Pada tanggal 25 Februari 1819 Sultan Syarif Kasim Alqadrie wafat dan dikebumikan di Batu Layang. Terjadi ketegangan perihal siapa yang berhak menjadi Sultan Kadriah Pontianak selanjutnya. Di satu pihak, Syarif Usman Alqadrie dianggap paling layak menduduki tahta Kesultanan Kadriah Pontianak. Namun di sisi lain, putra Sultan Syarif Kasim Alqadrie yang bernama Syarif Abubakar Alqadrie juga menginginkan singgasana tersebut. Di sinilah campur tangan Belanda kembali berperan. Sesuai kesepakatan sebelum Sultan Syarif Kasim Alqadrie dinobatkan, Belanda kemudian menunjuk Syarif Usman Alqadrie sebagai Sultan Kadriah Pontianak ketiga. Untuk meminimalisir konflik, Belanda memberi gelar Syarif Abubakar Alqadrie sebagai Pangeran Muda dan kepadanya diberi tunjangan 6000 gulden setiap tahun.

Sultan Syarif Usman Alqadrie pernah membuat beberapa kebijakan yang bermanfaat, termasuk dengan meneruskan pembangunan Masjid Jami’ pada tahun 1821 dan memulai pendirian Istana Kadriah pada tahun 1855. Pada bulan April 1855, Sultan Syarif Usman Alqadrie meletakkan jabatannya sebagai Sultan Kadriah Pontianak dan kemudian wafat pada tahun 1860 dengan meninggalkan 6 orang istri dan 22 orang anak.
Sepeninggalan Sultan Syarif Usman Alqadrie Kesultanan Kadriah diteruskan oleh anak tertua Sultan Syarif Usman Alqadrie, bernama Syarif Hamid Alqadrie, beliau dinobatkan sebagai Sultan Kadriah Pontianak yang keempat pada tanggal 12 April 1855. Pada era Sultan Syarif Hamid Alqadrie (1855 – 1872), wilayah Belanda di daerah kekuasaan Kesultanan Kadriah Pontianak semakin meluas, termasuk di daerah bagian barat Sungai Kapuas Kecil yang menjadi pusat perdagangan dan pusat pemerintahan Belanda di Kalimantan Barat. Taktik Belanda yang seperti ini sudah dimulai sejak era Sultan Syarif Kasim Alqadrie sebagai upaya untuk terus menekan Kesultanan Kadriah Pontianak dan mengecilkan peran Sultan Hamid Alqadrie (Alqadrie, 2005, dalam. Sultan Syarif Hamid Alqadrie wafat pada tahun 1872, meninggalkan 3 orang istri, 3 orang selir, dan 20 orang anak.

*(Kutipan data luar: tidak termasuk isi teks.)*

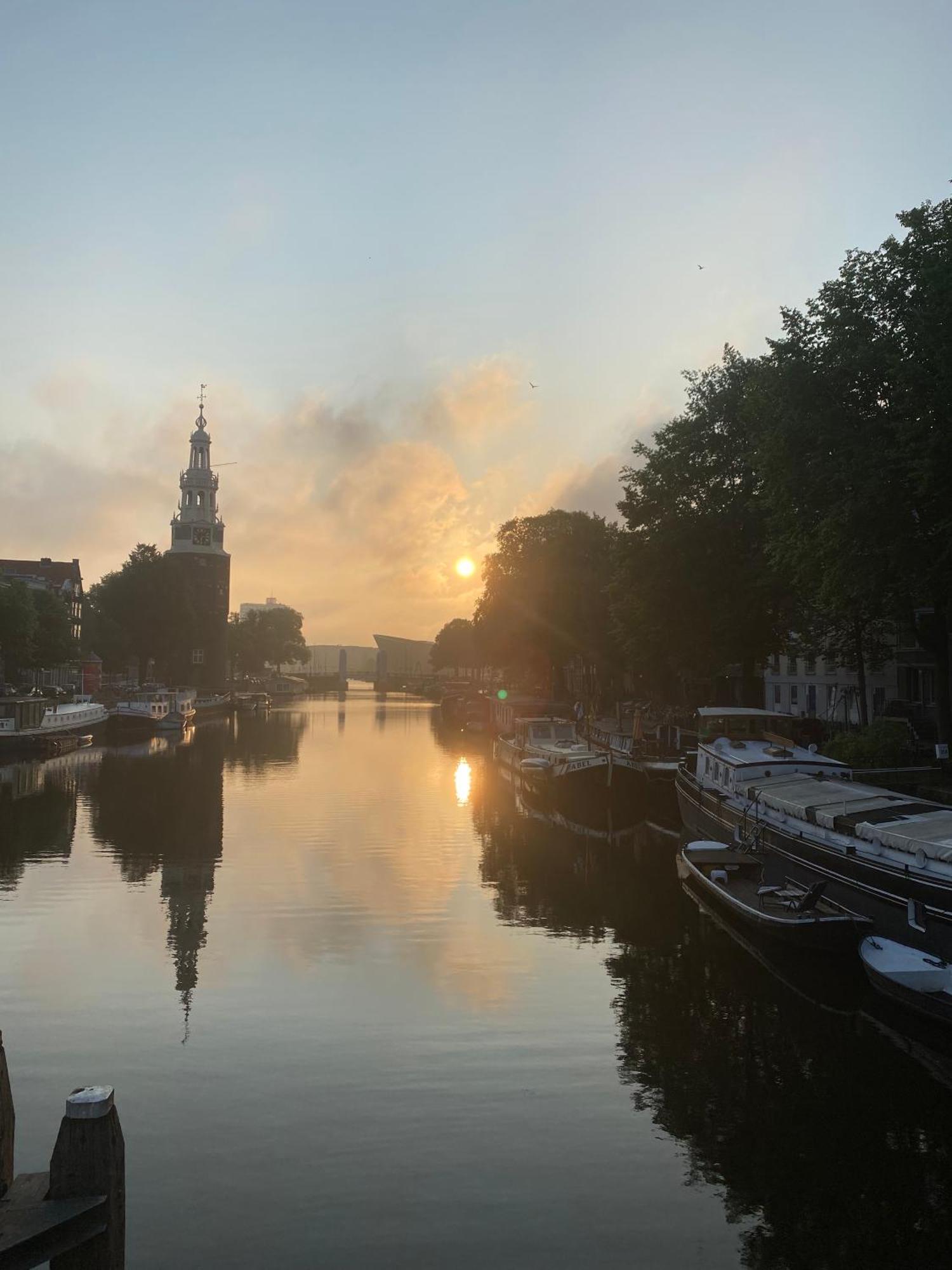Amsterdam Center - Houseboat B&B By Captain Ricard Exterior photo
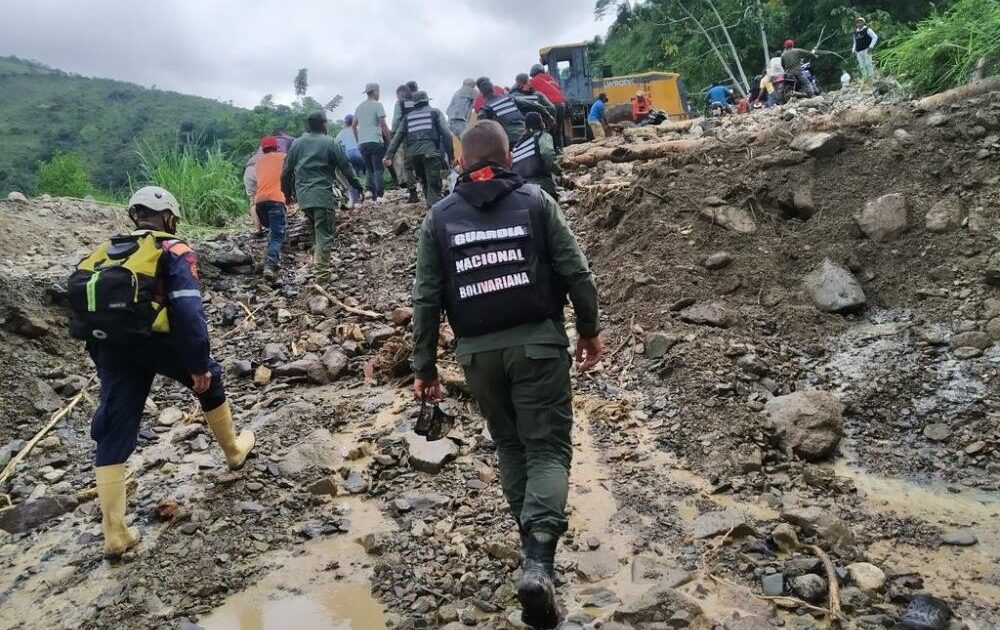 Venezuela’da heyelan: 15 ölü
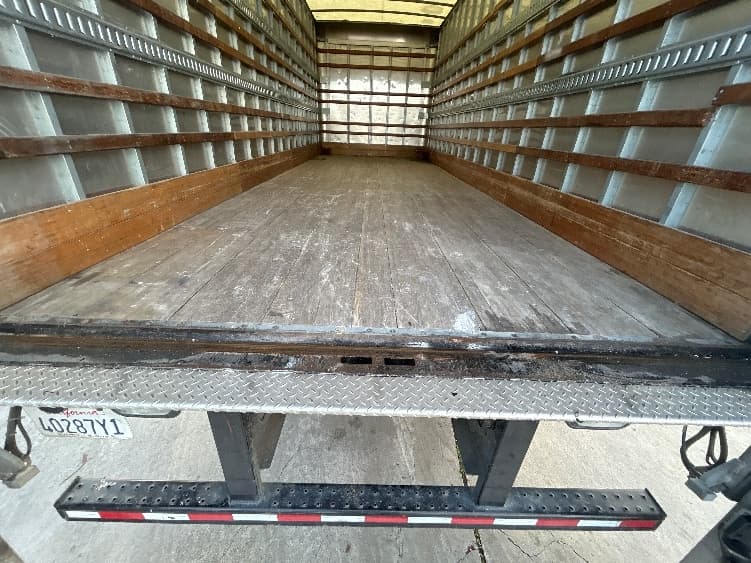 2018 Hino 268 — photo 10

Putra tertua Sultan Syarif Hamid Alqadrie, Syarif Yusuf Alqadrie, diangkat sebagai Sultan Kadriah Pontianak beberapa bulan setelah ayahandanya wafat. Penguasa Kesultanan Kadriah Pontianak kelima, Sultan Syarif Yusuf Alqadrie (1872 – 1895), merupakan satu-satunya sultan di Kesultanan Qadriah yang paling sedikit mencampuri urusan pemerintahan, sangat kuat berpegang pada aturan agama dan merangkap sebagai penyebar islam.

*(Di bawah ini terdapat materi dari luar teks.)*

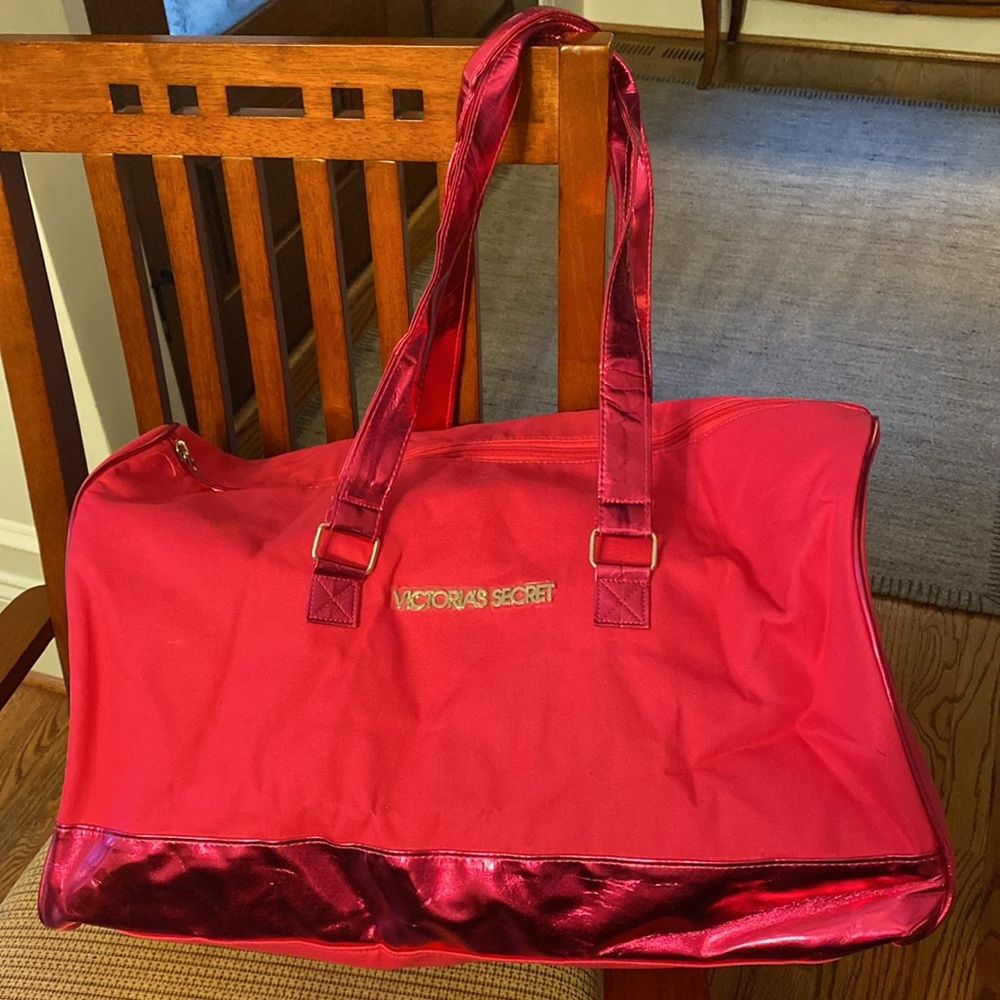 VICTORIA’S SECRET large duffel bag - NWT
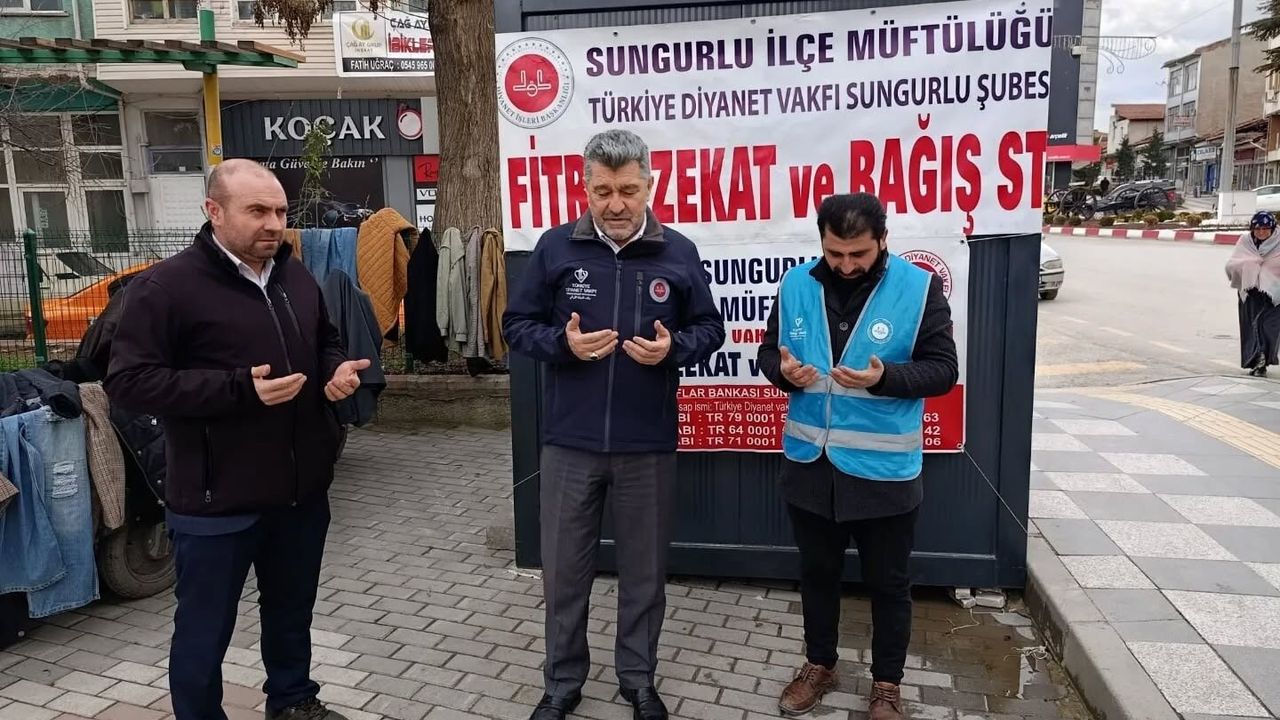 Zekat, fitre ve bağış  standına yoğun ilgi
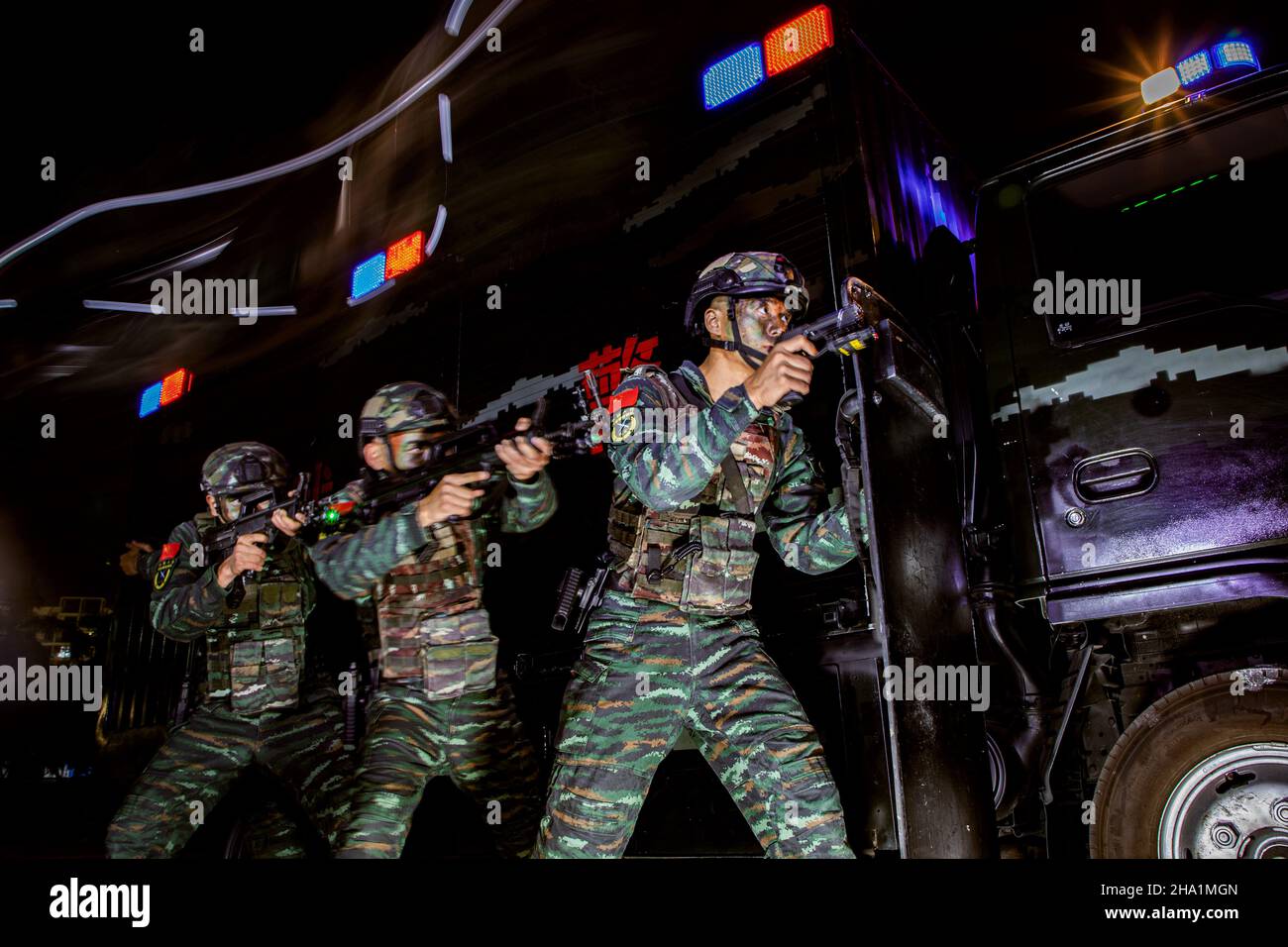 BEHAI, CHINA - 6. DEZEMBER 2021 - Mitglieder von Spezialeinheiten führen nachts in Beihai, dem südchinesischen G, ein umfassendes Anti-Terror-Training durch Stockfoto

Era pemerintahan Sultan Syarif Yusuf Alqadrie berakhir pada tanggal 15 Maret 1895 dan digantikan oleh putranya yang bernama Syarif Muhammad Alqadrie (1895 – 1944) yang dinobatkan sebagai Sultan Kadriah Pontianak yang kelima pada tanggal 6 Agustus 1895. Pada masa ini, campur-tangan Belanda dalam urusan internal Kesultanan Kadriah Pontianak semakin kuat dengan ikut memaksakan pengaruhnya bahkan sampai dalam hal yang prinsip, yakni menghapuskan Syariat Islam dan menggantinya dengan hukum pidana dan perdata (Hidayat, tt:23).

Masa pemerintahan Sultan Syarif Muhammad merupakan masa pemerintahan terpanjang dalam sejarah Kesultanan Pontianak. Ia sangat berperan dalam mendorong terjadinya pembaruan dan moderenisasi di Pontianak. Dalam bidang sosial dan kebudayaan, dia adalah sultan Melayu di Kalimantan Barat yang pertama kali berpakaian kebesaran Eropa di samping pakaian Melayu, Teluk Belanga, sebagai pakaian resmi. Dia juga orang yang menyokong majunya bidang pendidikan serta kesehatan. Selain itu, ia juga mendorong masuknya modal swasta Eropa dan Cina, serta mendukung bangsa Melayu dan Cina mengembangkan perkebunan karet, kelapa, dan kopra serta industri minyak kelapa di Pontianak. Sementara dalam aspek politik, Sultan memfasilitasi berdiri dan berkembangnya organisasi-organisasi politik, baik yang dilakukan oleh kerabat kesultanan maupun tokoh-tokoh masyarakat.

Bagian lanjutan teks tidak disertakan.